Japan stimulus: Japanese Prime Minister Shinzo Abe loosened fiscal policy and approved a ¥28 trillion, or $274 billion, stimulus package on July 26, 2016. Monetary policy alone would not be able to revive Japan’s economy; Abe also postponed planned sales-tax increase for two and half years. The stimulus package has been Japan’s biggest since the global financial crisis; however, over 70 percent of the stated value comprises targeted low-interest loans from government and state-owned companies, and new and direct spending will total only about ¥7.5 trillion.
UK deterioration: U.K. Mfg PMI dropped to 48.2 in July 2016 from 52.4 in June, which was the lowest level since February 2013. U.K. Services PMI fell to 47.4 in July from 52.3 in June; this is very concerning as services comprise a significant portion of the U.K.’s economic activity. The impact remains intact to Euro area; Euro area PMIs are still expanding.
Gold and silver: After consolidating much for June 2016, gold and silver responded convincingly following Federal Open Market Committee (FOMC)’s statement on July 27, 2016.
Leverage: Living on Borrowed Time
The elevated global debt levels remain a persistent concern. Developed market debt levels have increased significantly over the last several decades as 30 years of falling interest rates have made it more sensible and less costly to incur debt. While the debt has grown, the cost to service each unit of the debt has fallen substantially. There are other drivers of increasing debt levels such as general optimism about future growth prospects and encouragement from the rapid technological innovations that were emerging.
The issue is more nuanced for emerging market, of which the financial systems are less mature, the banking system and bond markets are less developed, and access to credit has historically been limited and informal. As these economies reach mature, debt should increase. However, debt levels have recently been growing too quickly, as the global search for yield and the boom and bust of the commodity cycle encourage debt issuance in emerging market.
The Rise in LIBOR
The long-anticipated money market reform leads to increase in the London Interbank Offered Rate (LIBOR). Normally, rise in LIBOR is associated with Federal Reserve (Fed) policy rates and expectations or concerns over bank credit quality. On the asset side, bank loans represent the most broadly held asset with exposure to LIBOR. Most increases in LIBOR to date would have no impact on loan yields, given the LBOR floors found across loan marketplace today. Once LIBOR go above the floor levels, loan investors can anticipate increases in coupon income, though small, from these increases in LIBOR and Fed policy actions.

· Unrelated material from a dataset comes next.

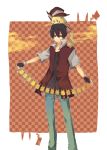  1boy artist_request baseball_cap black_hair fingerless_gloves gloves hat pikachu pokemon pokemon_(creature) pokemon_(game) popped_collar red_(pokemon) red_(pokemon)_(classic) red_eyes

High government debt levels are likely to remain a drag on growth. Lower global growth and anchored rates will persist, which will have an impact on asset class returns. The solution for investors is not to wait in cash for a debt collapse. Investors should think about ways that still allow them to meet their investment goals proactively, such as searching for yield in flexible ways, being nimble in asset allocation to avoid pitfalls, and taking advantage of tax-efficient investment strategies in light of the fact that taxes may rise.